On the weekends we used the coal mine as a playground. Kids my age would play in the sand house. We were ignorant about the danger, but we could have been killed. It was a small room made out of cinders blocks. A coal car would empty sand through a chute in a window at the top of the sand house and it filled up. We couldn't play in the house when it was full of sand there was no room to crawl in. There was a window at the bottom of the sand house about two feet off the ground. A miner shoveled the sand out of the window into a chute which lead to the coal temple to wash the coal before it went into the coal cars. We climbed through the bottom window and play in the sand. Sometimes there was just enough room to get in the house where the miner had shovel the sand out, and other times the sand house would be half full. We are so lucky the sand didn't cave in on top of us and bury us alive or block the window so we couldn't get out.
The twelve-year old boys and girls played in the lumberyard and once built a tower out 2x4s that had three floors; we were lucky that this didn’t fall down on top of us. The lumberyard men tore it down on Monday when they started work. We only played around the mines on the weekends when the mine was not working. One time they left the fort standing for awhile, I don’t remember how long though.
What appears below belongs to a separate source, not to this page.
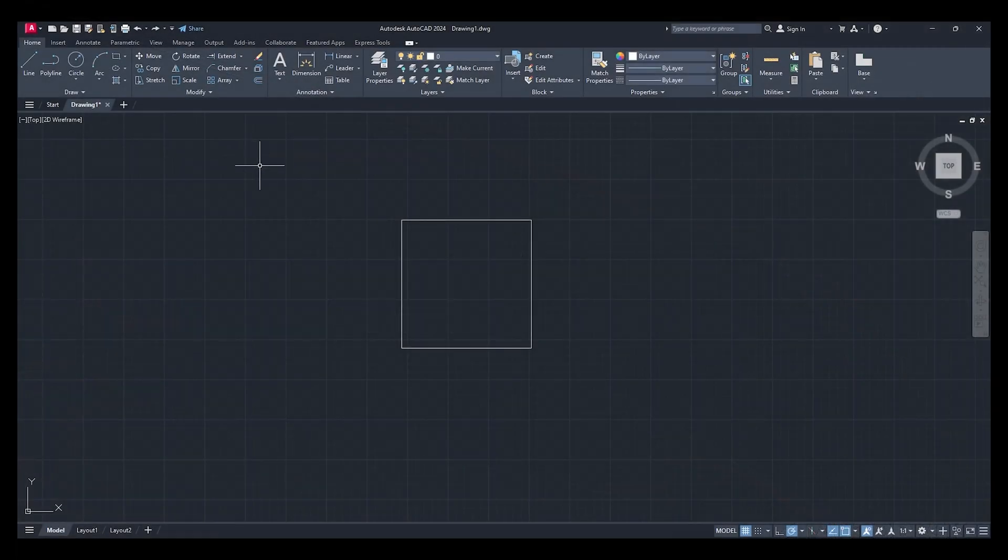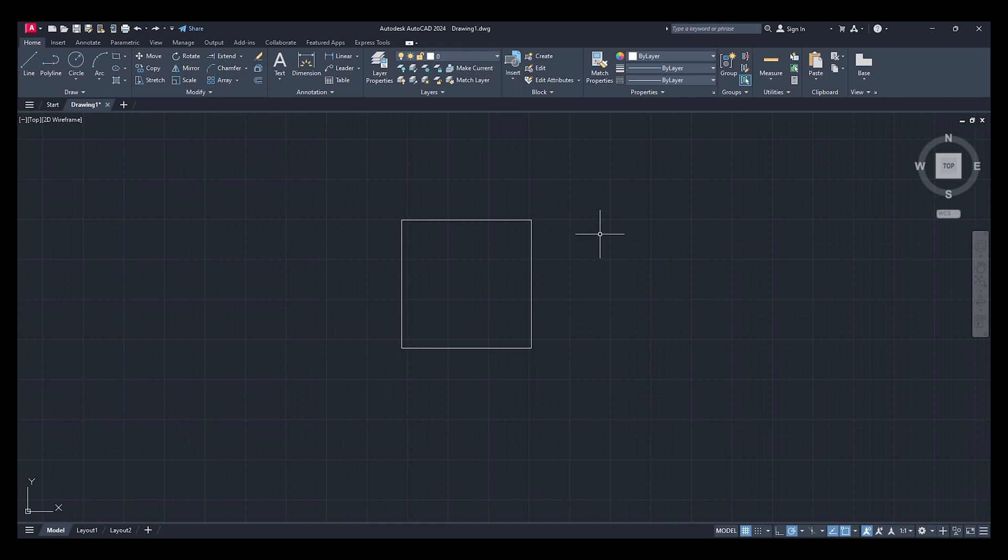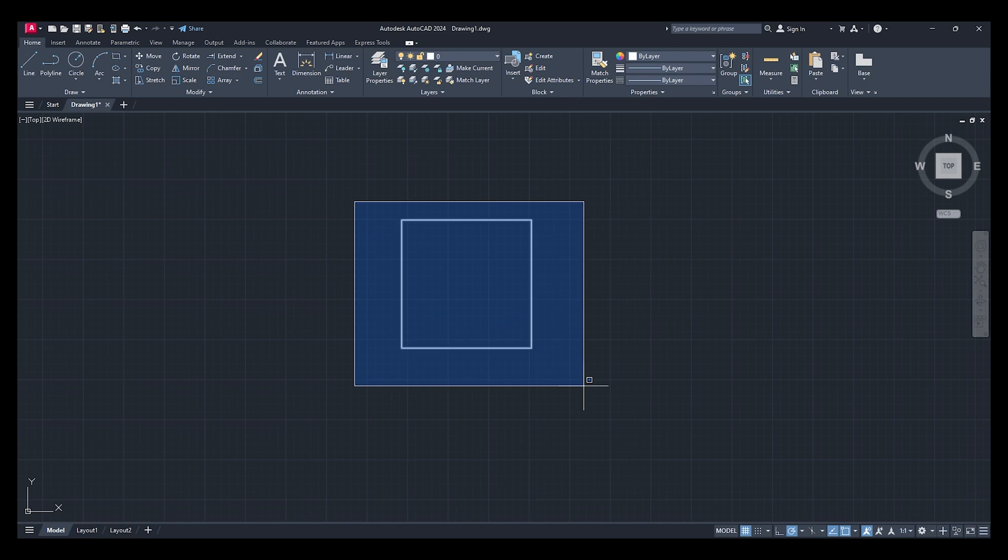Hey guys, welcome to another video. Today I'm going to show you how to use the scale command. Let's go up here to our modify window, we'll click scale, select all objects, and we'll press enter.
Across the road from the lumber yard was circular steps that the men used as a exscape in case of an accident. We went over and looked down the circular steps with water at the bottom. Shirley went down and touched the water before climbing back up. I was too scare to go down the first step because the steps were only wide enough for one man at a time. There was also a big fan, as big as a house, which pumped air out of the cave so the men could breath. We would stand in front of it and let it blow on us. Sometimes it would lift us up off the ground and push us a little.
Another time, the older teenagers built a merry-go-round out of two railroad ties. They put one in the ground and the other on top with a railroad spike. One child got on each end and the others pushed them around. Everyone, who could hang on, got a turn. That merry-go-round gave us a lot of fun and lasted until we got tired of playing on it
Ronnie age 5 Bonnie age 3 |
The iceman would come up the hollow once a week and all of us kids would follow behind his truck and grab the loose ice; sometimes he would chip us off a piece with his ice pick. I remember this one time a salesman came to the house and to sell Mom a set of dishes that wouldn’t break; they were called Malta Mack. He was throwing dishes across the room as proof that they would not break.